# Managing Docker Images

Several Prefect Agents rely on Docker images for distributing dependencies. These include the Docker, Kubernetes, and AWS ECS agents. Here we discuss the options and requirements for building and configuring docker images across these platforms.

# Dependency Requirements

When executing Prefect flows, Python code is loaded from two locations:

  • The flow's source is loaded from the flow's configured storage. Depending on your configuration, this may be a Python script or a pickled flow object. Either way, this contains the structure of the flow itself, along with any tasks defined in the same .py file.
  • The flow's dependencies are loaded from the flow's execution environment. If running in a container, the dependencies need to be part of the docker image. Dependencies include prefect, as well as any other Python libraries you imported from within your flow script.
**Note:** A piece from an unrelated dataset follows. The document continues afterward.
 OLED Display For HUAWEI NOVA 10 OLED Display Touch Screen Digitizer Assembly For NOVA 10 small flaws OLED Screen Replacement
An example may help clarify the distinction here. Given the following flow

from prefect import Flow, task
from prefect.storage import GitHub

import numpy
from my_task_library import task_1

@task
def task_2(x):
    return numpy.sum(x)

with Flow("example") as flow:
    x = task_1()
    y = task_2(x)

flow.storage = GitHub(repo="my_username/my_repo", path="path/to/flow.py")

This flow makes use of GitHub storage, meaning that the flow's source will be loaded at runtime from GitHub (and thus doesn't need to be part of the Docker image). This means that the definition of task_2 and the flow itself don't need to be part of the built image.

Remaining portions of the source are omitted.